La dimension spirituelle et économique

 

Discuter de la Zakat durant le mois béni de Ramadan se justifie doublement. D’abord, comme le jeûne de Ramadan, la Zakat est un pilier de l’Islam. Ensuite, la générosité est recommandée tout le temps dans la religion musulmane. Cependant, elle l’est davantage lors de ce mois béni. Ainsi, beaucoup de juristes conseillent aux fidèles, qui remplissent les conditions, de sortir leur Zakat durant le Ramadan pour avoir une récompense beaucoup plus élevée.

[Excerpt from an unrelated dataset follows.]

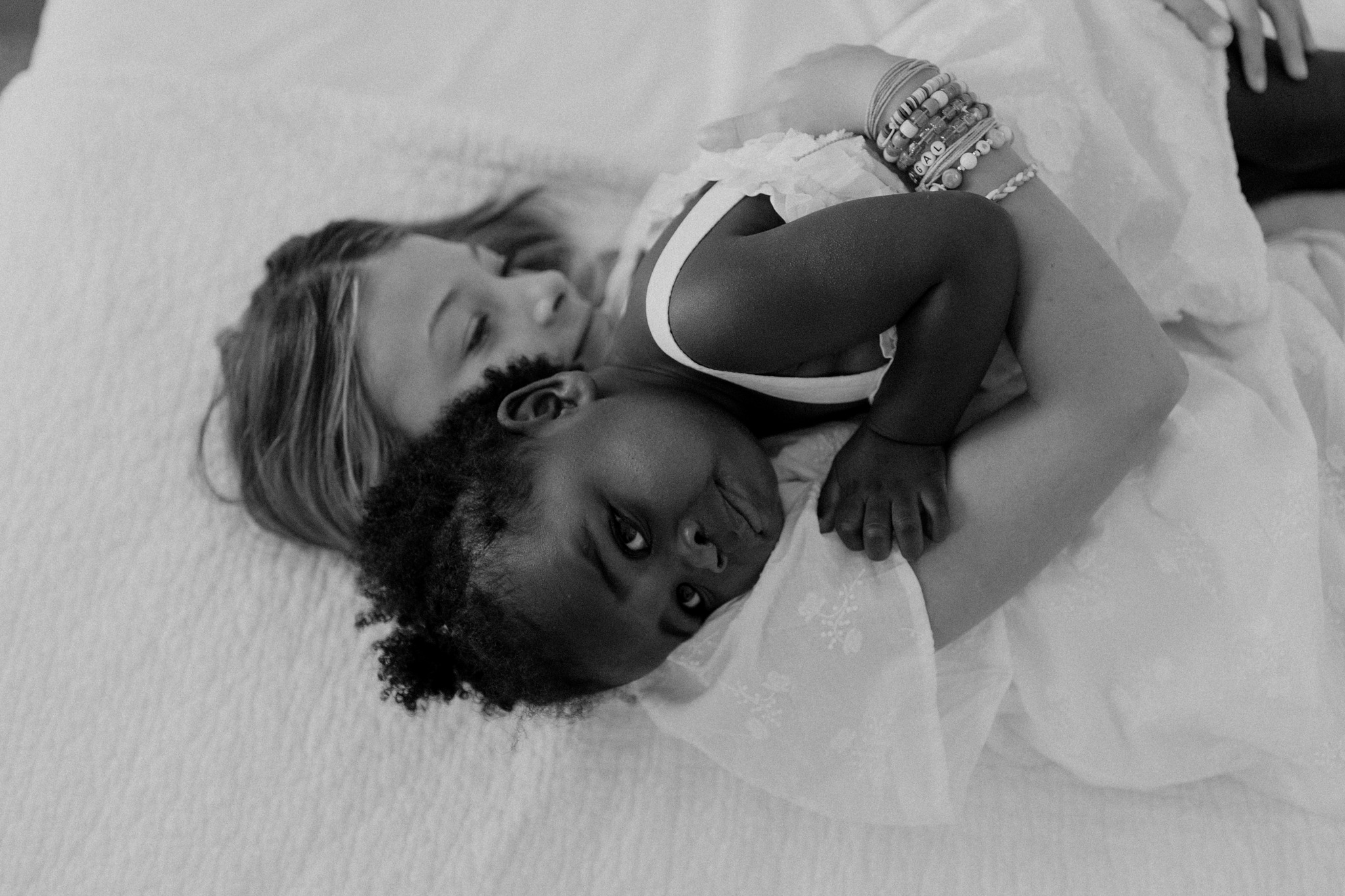 sisters family portrait siblings black and white hallway concord new hampshire snuggling on bed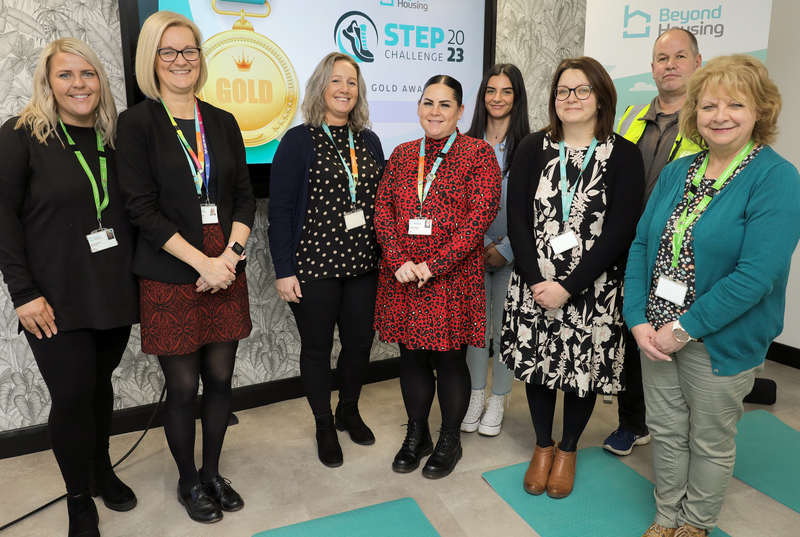 Rachel Docherty, Beyond Housing HR Partner and Lead Health Advocate (front, left) and  Catherine Clennett (front, right), Beyond Housing Director of People, celebrate the Better Health at Work Gold Award with some of the other Wellbeing Advocates.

Bien qu’étant une obligation religieuse, la Zakat n’en a pas moins une dimension économique évidente et peut, vu sa fonction de transfert de richesse des plus nantis vers les plus démunis, jouer un rôle déterminant dans le combat contre la pauvreté. Aujourd’hui, il y a de plus en plus de signes objectifs indiquant le retour de la religion, en général, et de l’Islam en particulier comme un facteur décisif dans tous les domaines de la vie des populations. Par exemple, sur le plan économique, on a eu à assister, sur une période relativement courte, à la chute du système communiste et à la remise en cause de certains fondements théoriques du libéralisme. Ainsi, à titre d’illustration, des courants économiques émergents tels que la nouvelle économie institutionnaliste, l’économie comportementale et l’économie islamique remettent en cause le postulat de rationalité économique qui est essentiel dans la théorie néoclassique. Sur ce point précis, l’économie islamique considère que la conviction religieuse de l’agent économique a une influence indéniable sur ses comportements économiques même si cela pourrait mener à des choix qui ne sont pas économiquement rationnels selon l’entendement néoclassique. Mieux, l’économie islamique soutient que la foi religieuse peut efficacement assumer la fonction d’incitation qui est fondamentale pour amener les agents à se comporter de la manière désirée et obtenir les résultats économiques voulus.

 

Moyen de purification spirituelle

Dans cette contribution nous nous proposons de discuter certains aspects légaux, spirituels et économiques de la Zakat avant d’en tirer les implications pratiques et politiques.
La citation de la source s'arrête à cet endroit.